Cleaning up urls with awk
Here’s my stupid awk trick of the day: using the field separator option to mess with URLs. I spent something like an hour trying to write regular expressions and then reading other people’s solutions to cleaning up urls from log files and other sources.
For example, given a list of about a million urls like this:
http://bloggggggggy.com/path/to/the/post/2009/1/26/blahblahblah.html
http://www.bloggggggggy.com/morejunk.html
https://www.bloggggggggy.com
http://yetanotherblogomigod.blogspot.com/
http://yetanotherblogomigod.blogspot.com/somejunk.php?stuff&morestuff
I want to end up with a list that’s just
bloggggggy.com
yetanotherblogomigod.blogspot.com
You can do this in php with some regular expressions:
preg_match("/^(http:\/\/)?([^\/]+)/i", $URLstring, $result);
$domain = $result[2];
(Though I saw a lot of other solutions that were much longer and more involved)
or, here’s one method in Perl:
$url =~ s!^https?://(?:www\.)?!!i;
$url =~ s!/.*!!;
$url =~ s/[\?\#\:].*//;
But for some reason I was trying to do it in one line in awk, because that’s how my brain is working these days, and I couldn’t get the regular expression right.

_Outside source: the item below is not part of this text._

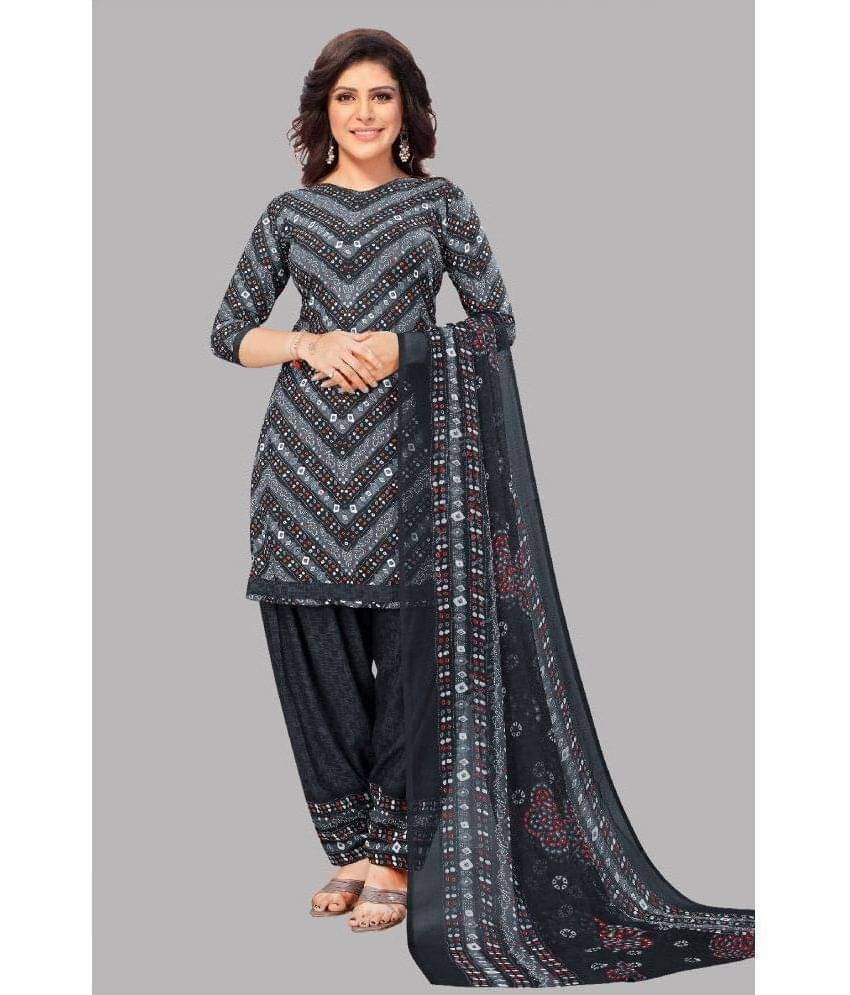     			SIMMU Unstitched Crepe Printed Dress Material - Black ( Pack of 1 )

Suddenly I realized that if I split the lines on “/”, the domain name would always be the third field.
So,
awk -F"/" '{print $3}' hugelistofurls.txt > cleanlist.txt
gave me a nicer list of urls.
and
awk -F"/" '{print $1,"//",$3} hugelistofurls.txt | sort | uniq -c | sort -nr > counted-sorted-cleanlist.txt
gave me just about what I wanted.
After I did that and finished squeaking with happiness and wishing I could show someone who would care (which unfortunately I couldn’t which is why I’m blogging it now) I realized I wanted the www stuff taken out. So I backed up and did it in two steps,
awk -F"/" '{print $1,"//",$3}' hugelistofurls.txt > cleanlistofurls.txt
awk -F"www." '{print $1 $2}' cleanlistofurls.txt | sort | uniq -c | sort -nr > reallyclean-sorted-listofurls.txt
which gave me something like this:
3 http://blogggggggy.com
2 http://yetanotherblogomigod.blogspot.com
Exactly what I wanted!
While I appreciate a nice regular expression and it can be a fun challenge to figure them out, getting the job done with awk felt a lot simpler, and I’m more likely to remember how to do it in an off-the-cuff way, next time I have a giant list of urls to wrestle with.
How would you approach this same problem, either in awk or using another tool or language? Do you think one way or another is superior, and why?